Perceptron training - delta rule

Question

according to wikipedia, with the delta rule we adjust the weight by:

dw = alpha * (ti-yi)*g'(hj)xi

when alpha = learning constant, ti - true answer, yi - perceptron's guess,g' = the derivative of the activation function g with respect to the weighted sum of the perceptron's inputs, xi - input.

The part that I don't understand in this formula is the multiplication by the derivative g'. let g = sign(x) (the sign of the weighted sum). so g' is always 0, and dw = 0. However, in code examples I saw in the internet, the writers just omitted the g' and used the formula:

dw = alpha * (ti-yi)*(hj)xi

I will be glad to read a proper explanation!

thank you in advance.

Answer 1

You're correct that if you use a step function for your activation function g, the gradient is always zero (except at 0), so the delta rule (aka gradient descent) just does nothing (dw = 0). This is why a step-function perceptron doesn't work well with gradient descent. :)

For a linear perceptron, you'd have g'(x) = 1, for dw = alpha * (t_i - y_i) * x_i.

You've seen code that uses dw = alpha * (t_i - y_i) * h_j * x_i.
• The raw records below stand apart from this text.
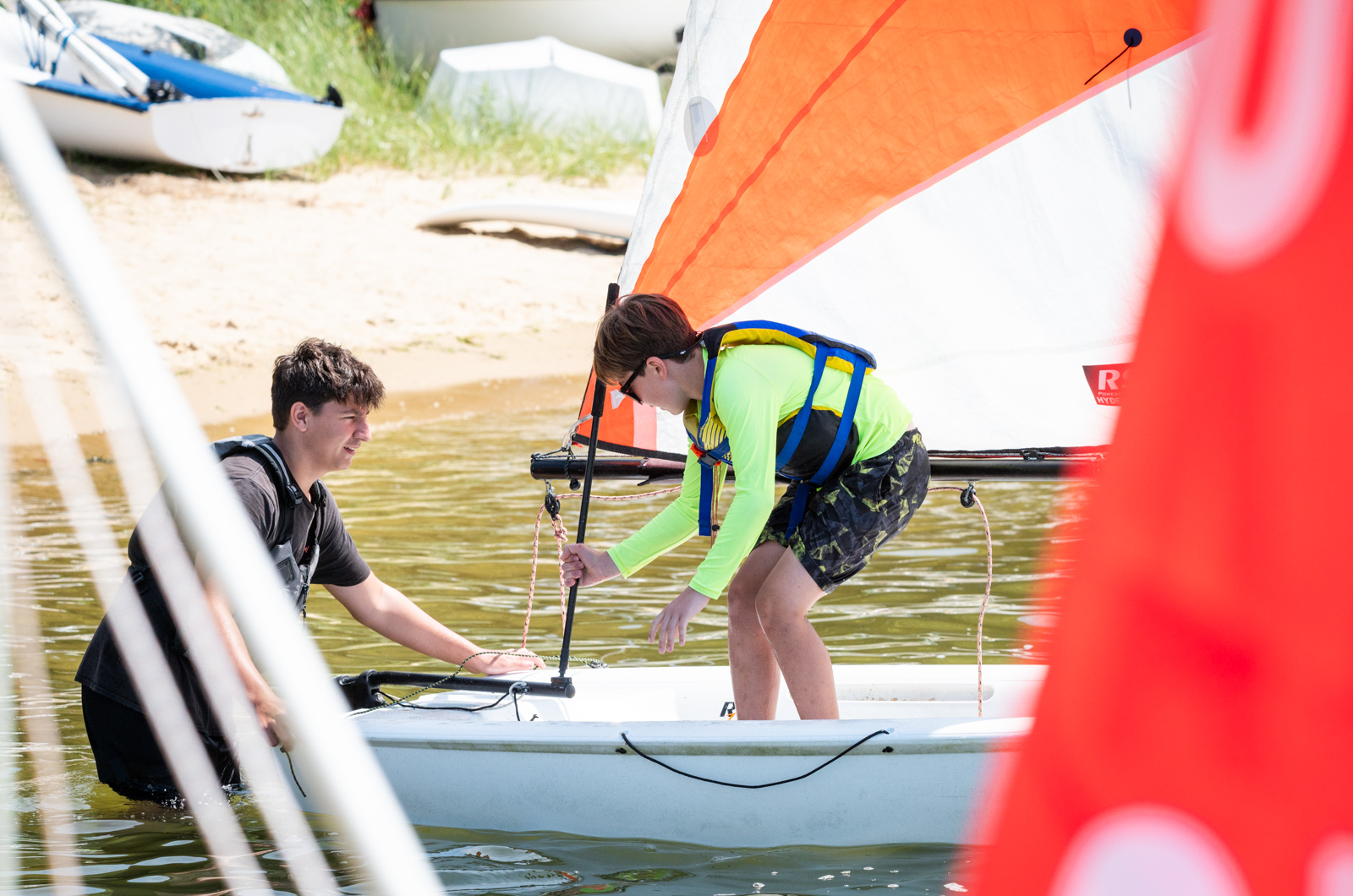 A Sail MV staff member helps a student get his boat ready.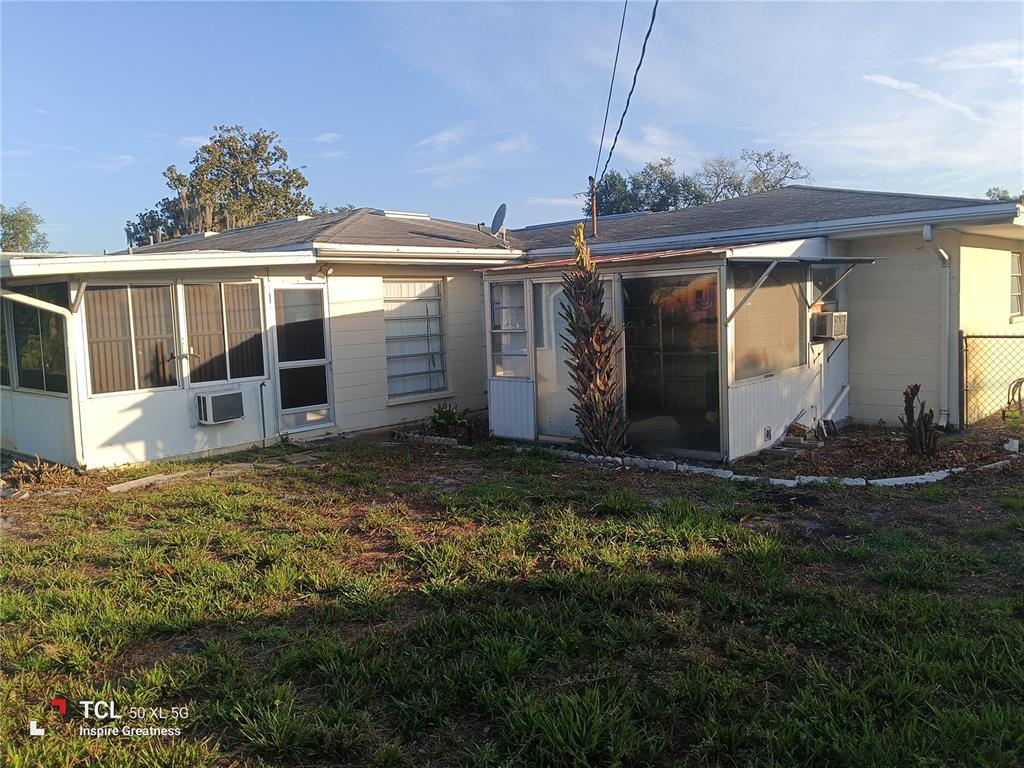 The rear exterior of a single-story house features two enclosed porches and a grassy yard — 1207 PARKER POINTE LANE, LAKELAND, FL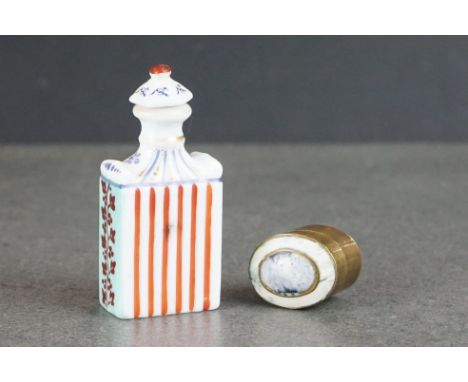 A brass pill box with decorative polished stone lid, together with a ceramic snuff / perfume bottle with floral decoration 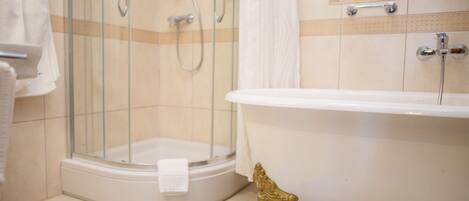 A bathroom with a glass-enclosed shower, a white bathtub, and a gold decorative element.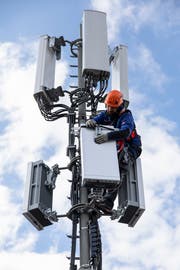 Ein Swisscom-Mitarbeiter installiert ein Element einer 5G-Antenne. (Bild: KEYSTONE/Peter Klaunzer)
We can reverse-engineer what's going on here, because apparently g'(h_j) = h_j, which means remembering our calculus that we must have g(x) = e^x + constant. So apparently the code sample you found uses an exponential activation function.

This must mean that the neuron outputs are constrained to be on (0, infinity) (or I guess (a, infinity) for any finite a, for g(x) = e^x + a). I haven't run into this before, but I see some references online. Logistic or tanh activations are more common for bounded outputs (either classification or regression with known bounds).